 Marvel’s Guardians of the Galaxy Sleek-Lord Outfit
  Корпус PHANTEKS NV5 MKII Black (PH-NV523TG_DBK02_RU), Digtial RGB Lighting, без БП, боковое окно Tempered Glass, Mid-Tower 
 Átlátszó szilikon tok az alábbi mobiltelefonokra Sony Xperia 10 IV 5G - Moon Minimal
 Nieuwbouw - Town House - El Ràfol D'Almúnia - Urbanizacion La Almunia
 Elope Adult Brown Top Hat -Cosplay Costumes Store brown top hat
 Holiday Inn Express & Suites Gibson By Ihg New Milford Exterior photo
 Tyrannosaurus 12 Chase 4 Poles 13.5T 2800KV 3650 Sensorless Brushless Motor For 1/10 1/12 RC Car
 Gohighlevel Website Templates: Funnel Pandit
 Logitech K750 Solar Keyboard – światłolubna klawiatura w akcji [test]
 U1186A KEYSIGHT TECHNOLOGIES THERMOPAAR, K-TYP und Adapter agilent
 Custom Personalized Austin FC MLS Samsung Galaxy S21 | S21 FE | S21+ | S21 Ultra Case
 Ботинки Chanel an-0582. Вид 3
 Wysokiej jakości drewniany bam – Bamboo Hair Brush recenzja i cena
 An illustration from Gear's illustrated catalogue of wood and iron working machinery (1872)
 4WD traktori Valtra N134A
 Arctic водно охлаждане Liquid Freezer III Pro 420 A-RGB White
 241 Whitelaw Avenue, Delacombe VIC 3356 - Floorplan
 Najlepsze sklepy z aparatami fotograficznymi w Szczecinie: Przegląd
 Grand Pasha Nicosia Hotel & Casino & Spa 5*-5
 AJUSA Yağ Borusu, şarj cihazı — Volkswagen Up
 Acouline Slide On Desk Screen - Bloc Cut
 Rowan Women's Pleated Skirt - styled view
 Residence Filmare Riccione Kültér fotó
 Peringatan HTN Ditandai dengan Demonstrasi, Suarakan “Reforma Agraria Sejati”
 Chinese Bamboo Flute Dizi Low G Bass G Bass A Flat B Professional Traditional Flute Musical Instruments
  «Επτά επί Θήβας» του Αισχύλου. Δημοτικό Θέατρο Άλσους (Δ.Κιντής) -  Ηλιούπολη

**Exercise objective**
From the first line of the data above through the line containing "Átlátszó szilikon tok", repeat each line exactly, and add nothing.

**Task response**
 Marvel’s Guardians of the Galaxy Sleek-Lord Outfit
  Корпус PHANTEKS NV5 MKII Black (PH-NV523TG_DBK02_RU), Digtial RGB Lighting, без БП, боковое окно Tempered Glass, Mid-Tower 
 Átlátszó szilikon tok az alábbi mobiltelefonokra Sony Xperia 10 IV 5G - Moon Minimal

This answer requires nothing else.